The laureates became famous for their inventions of the early 1980s, when the power of computers left much to be desired. American biophysicist John Hopfield created an associative neural network that could remember and recreate images and other data sets. The scientist relied on statistical physics models that describe the behavior of ferromagnets — substances that “remember” the magnetic field in which they were placed. Briton Geoffrey Hinton, the “godfather” of artificial intelligence, great-great-grandson of the founder of mathematical logic George Boole, created a computational model called the “Boltzmann machine.” It was also based on statistical physics methods and could classify images and create new ones according to a given pattern.

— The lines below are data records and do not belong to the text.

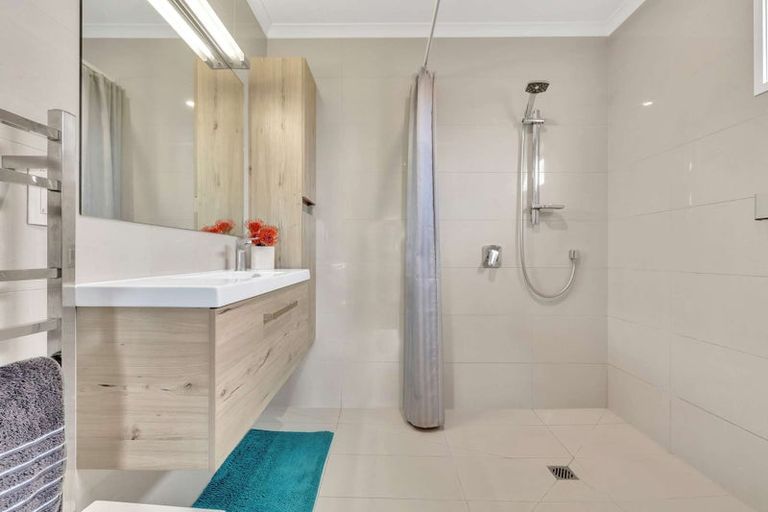 Photo of property in 20 Roseberry Place, Whitianga, 3510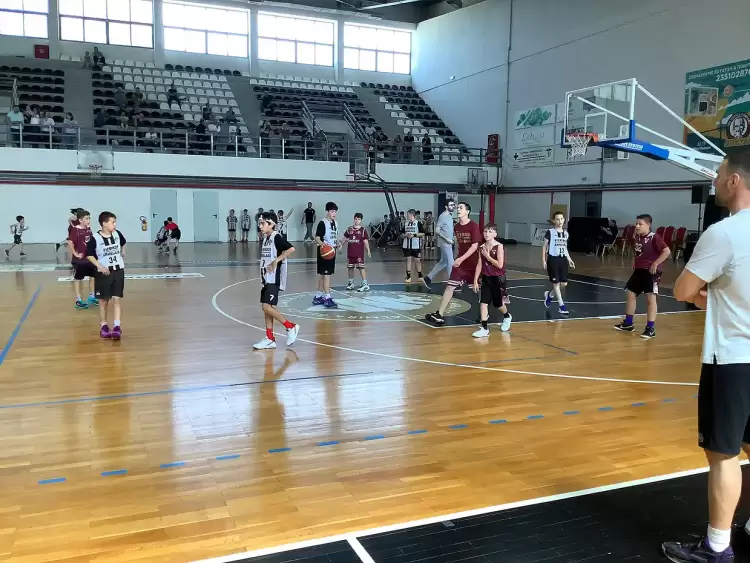 “Έλαμψαν” οι λιλιπούτειοι αθλητές σε σειρά φιλικών αγώνων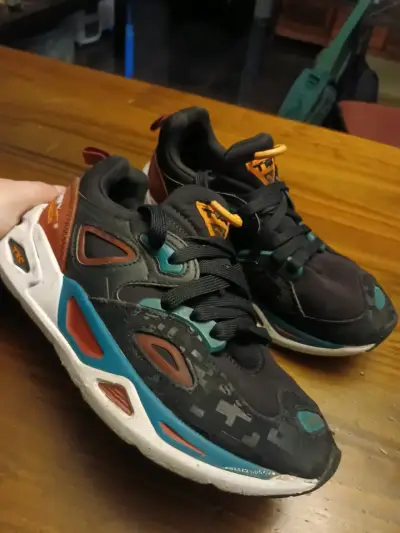 Zapatillas deportivas Puma negras y naranjas - miniatura 2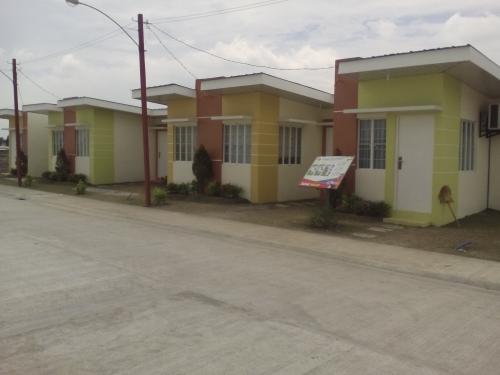 FOR SALE: House Pampanga 1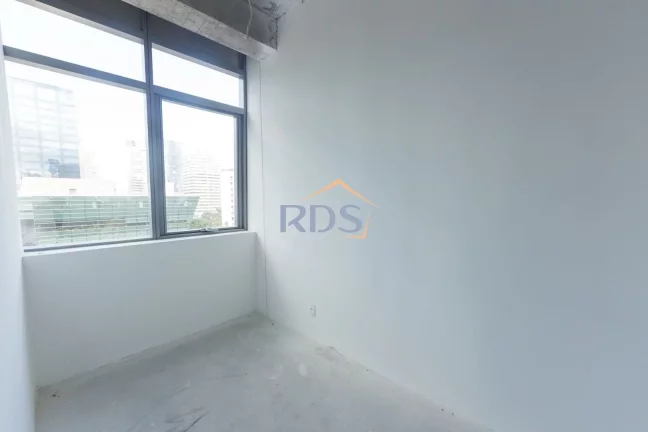 Imagem Apartamento no contrapiso a venda de 575m² com 4 suítes e 6 vagas no Itaim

These works by the laureates, published during the “AI winter,” when interest in this field began to wane, marked the beginning of a new era and initiated the rapid development of machine learning. A new surge of attention to Hopfield and Hinton’s algorithms occurred in the 2000s; they are now used less widely and actively, but find specific applications, for example, in quantum computing.
The Royal Swedish Academy of Sciences recognizes the physicists for developing methods that have become the basis of modern machine learning. “The work of the laureates has already had enormous benefits. In physics, we use artificial neural networks in a wide range of areas, such as the development of new materials with specific properties,” said Ellen Moons, chair of the Nobel Committee for Physics.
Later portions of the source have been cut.